If we can't have architecture and outdoor sauerkraut, can we have mobile puppets cruising University Avenue? I would be so impressed if someone started this here.

By the way, I don't know why my video is so blurry. I am a writer but merely a fledgling cinematographer, my little chickadees.


Thursday, January 18, 2007

You can call them Junior

Junior versions of popular Broadway shows are brilliant. You get the drama and tunes in an adapted piece that even Little Squirmy can sit through. After all, if you're introducing a child to the joys of books, you don't throw "Bleak House" at him. (Actually, please don't throw "Bleak House" at me.)

In the last few years, the Palo Alto Children's Theatre has been working with MTI to help develop new junior shows. Disney, too. The theater gets a script -- sometimes a wee bit draft-y -- and then turns it into a full production.

In 2000, for example, the kids put on a new high-school version of "Les Miserables," says theater assistant director Michael Litfin. They've also done "Pirates of Penzance," "Children of Eden" and others.

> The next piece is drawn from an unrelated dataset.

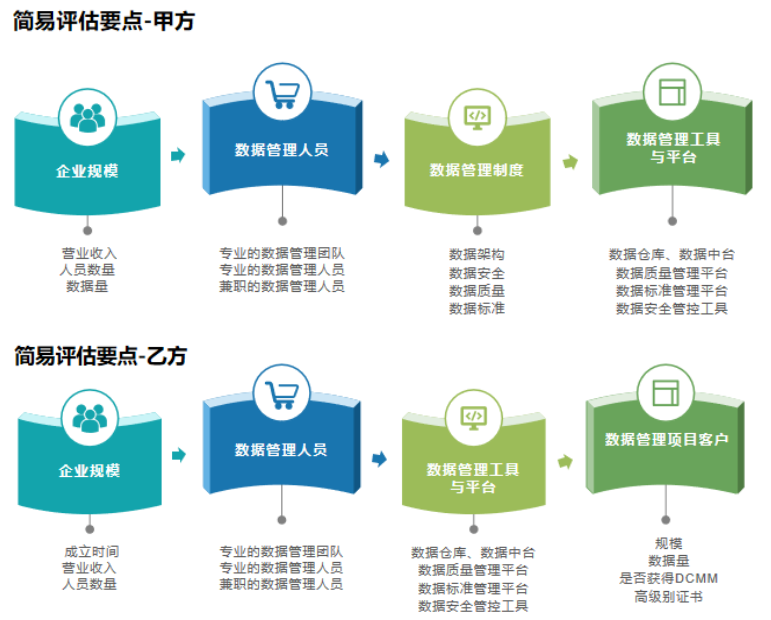 DCMM簡易評估要點分享（甲乙級）！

Talk about theater bragging rights for the kids. ("I was the first junior Eponine...") Plus afterwards the kids get to tell Disney and MTI exactly what they think of the show. Apparently one once asked such a complex musical question about "Mulan" that the Disney folks were stumped.

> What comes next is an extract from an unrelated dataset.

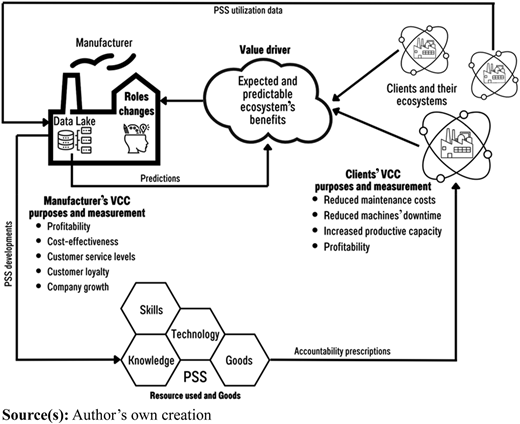 Figure 1 Refer to the image caption for details.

"Palo Alto kids," says Michael, "are very articulate."

Pictured: Griffin Carlson, who's playing a dwarf in this year's production of "Snow White and the Seven Dwarfs." This photo by Norbert von der Groeben is on the cover of this Friday's Weekly.

Friday, January 12, 2007

102 candles

When I was in middle school, we got to have "Secret Pals" from Lytton Gardens, a senior community in Palo Alto. I think we wrote letters to them and paid them visits. Sweet idea. I just wish I could have had Lolita Olaine as my pal.

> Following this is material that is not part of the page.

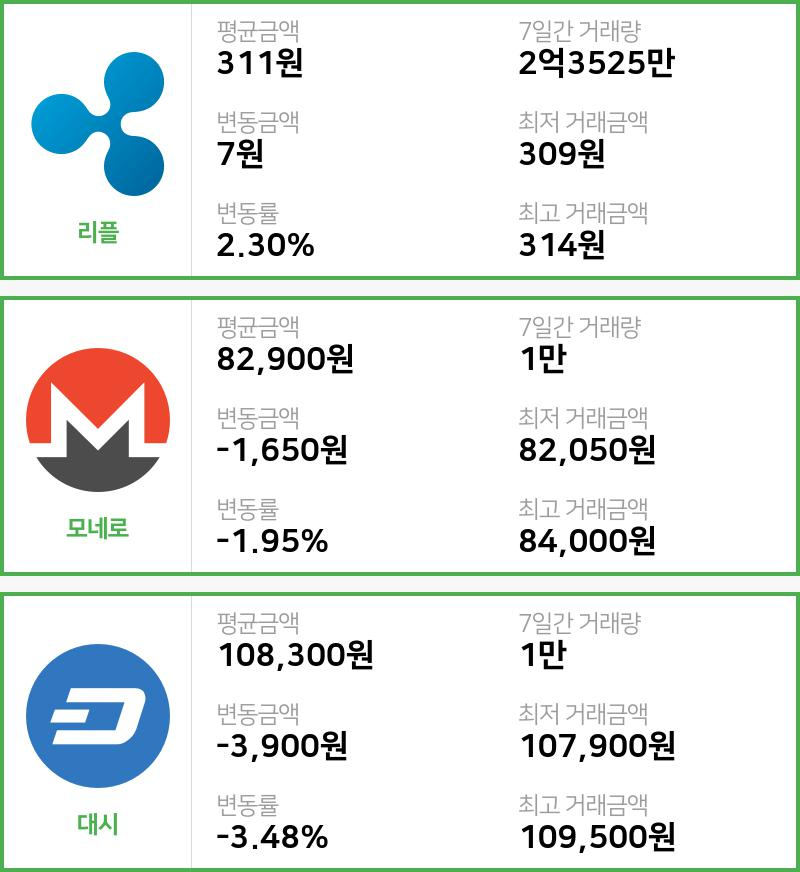 [15일 빗썸 리플시황]  09시 기준 현재 리플 311원,모네로 8만2900원,  대시 10만8300원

I just got an email saying that Olaine is being honored this Sunday -- her 102nd birthday -- by the First United Methodist Church of Palo Alto. She's being named Artist-in-Residence Emeritus, thanks to the "hundreds of oils and watercolors of nature scenes" she's created, wrote churchgoer Patty Fisher. Fisher also said Olaine still goes to church every Sunday and tools around downtown with her walker.

I also found a bio of Olaine online that says she started an art gallery in the church in the 1960s, and apparently much of her work still hangs there. Sounds like a good story to me...

Friday, January 5, 2007

Happy birthday, KZSU

Have you already exhausted all the channels on the satellite radio thingy you got for the holidays? If your ears haven't fallen off yet, you might want to tune into KZSU, Stanford's radio station. Yes, you. (Oh, sorry. YES, YOU!)

The radio station is celebrating its 60th birthday by spinning out a 60-hour marathon through 11:59 p.m. on Saturday. Each hour of tunes represents another year, with current and alumni DJs playing Big Band to blues to British invasion and beyond. If you have to celebrate 60 candles, that's not a bad way to do it.

At the moment, a DJ named Lobster is taking on 1974 with a set that included the Doobie Brothers' "Black Water." Apparently he was a DJ at KZSU during 1974, too, and just played a recording of the Brothers making fun of Nixon when they visited the station just before the prez resigned.

More historic material is promised during the marathon, including live coverage of the Reagan election night. Regardless of your politics, these are pieces of history you might want to check out.

Here's where they are now

For this Friday's Weekly, I had a lot of fun revisiting some of my favorite arts stories from 2006 and seeing what the artists are up to now. After all, a newspaper story is only a snapshot in time. Readers (and editors) want to know what happens next: Did the guy building the pipe organ ever get it to play? Is the quilter still quilting?

(Suddenly I feel like I'm teaching ESL again: "I quilt, I quilted, I have quilted." Hey! The present perfect is fun!)

Anyway. Here's the link to the "update" story. And magically in this sentence you shall find links to the original stories about organ-builder Andrew Nelsen, ballroom-dance teacher Julia Minson, quilter Linda Gass (she's really more like a painter of silk), and orchestra conductor Kim Venaas.